The concept of bag-of-words is straightforward. But how does a computer know what a word is? A text document is represented digitally as a string, which is basically a sequence of characters. One might also run into semi-structured text in the form of JSON blobs or HTML pages. But even with the added tags and structure, the basic unit is still a string. How does one turn a string into a sequence of words? This involves the tasks of parsing and tokenization, which we discuss next.
Parsing is necessary when the string contains more than plain text. For instance, if the raw data is a web page, an email, or a log of some sort, then it contains additional structure. One needs to decide how to handle the markup, the headers and footers, or the uninteresting sections of the log. If the document is a web page, then the parser needs to handle URLs. If it is an email, then fields like From, To, and Subject may require special handling—otherwise these headers will end up as normal words in the final count, which may not be useful.
After light parsing, the plain-text portion of the document can go through tokenization. This turns the string—a sequence of characters—into a sequence of tokens. Each token can then be counted as a word. The tokenizer needs to know what characters indicate that one token has ended and another is beginning. Space characters are usually good separators, as are punctuation characters. If the text contains tweets, then hash marks (#) should not be used as separators (also known as delimiters).
Sometimes, the analysis needs to operate on sentences instead of entire documents. For instance, n-grams, a generalization of the concept of a word, should not extend beyond sentence boundaries. More complex text featurization methods like word2vec also work with sentences or paragraphs. In these cases, one needs to first parse the document into sentences, then further tokenize each sentence into words.
String objects come in various encodings, like ASCII or Unicode. Plain English text can be encoded in ASCII. Most other languages require Unicode. If the document contains non-ASCII characters, then make sure that the tokenizer can handle that particular encoding. Otherwise, the results will be incorrect.
A sequence of tokens immediately yields the list of words and n-grams. Semantically speaking, however, we are more used to understanding phrases, not n-grams. In computational natural language processing (NLP), the concept of a useful phrase is called a collocation. In the words of Manning and Schütze (1999: 151), “A collocation is an expression consisting of two or more words that correspond to some conventional way of saying things.”

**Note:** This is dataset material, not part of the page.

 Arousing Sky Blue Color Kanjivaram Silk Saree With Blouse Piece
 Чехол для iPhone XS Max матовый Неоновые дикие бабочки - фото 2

Collocations are more meaningful than the sum of their parts. For instance, “strong tea” has a different meaning beyond “great physical strength” and “tea”; therefore, it is considered a collocation. The phrase “cute puppy,” on the other hand, means exactly the sum of its parts: “cute” and “puppy.” Thus, it is not considered a collocation.
Collocations do not have to be consecutive sequences. For example, the sentence “Emma knocked on the door” is considered to contain the collocation “knock door.” Hence, not every collocation is an n-gram. Conversely, not every n-gram is deemed a meaningful collocation.
Because collocations are more than the sum of their parts, their meaning cannot be adequately captured by individual word counts. Bag-of-words falls short as a representation. Bag-of-n-grams is also problematic because it captures too many meaningless sequences (consider “this is” in the bag-of-n-grams example) and not enough of the meaningful ones (i.e., knock door).
Collocations are useful as features. But how does one discover and extract them from text? One way is to predefine them. If we tried really hard, we could probably find comprehensive lists of idioms in various languages, and we could look through the text for any matches. It would be very expensive, but it would work. If the corpus is very domain specific and contains esoteric lingo, then this might be the preferred method. But the list would require a lot of manual curation, and it would need to be constantly updated for evolving corpora. For example, it probably wouldn’t be very realistic for analyzing tweets, or for blogs and articles.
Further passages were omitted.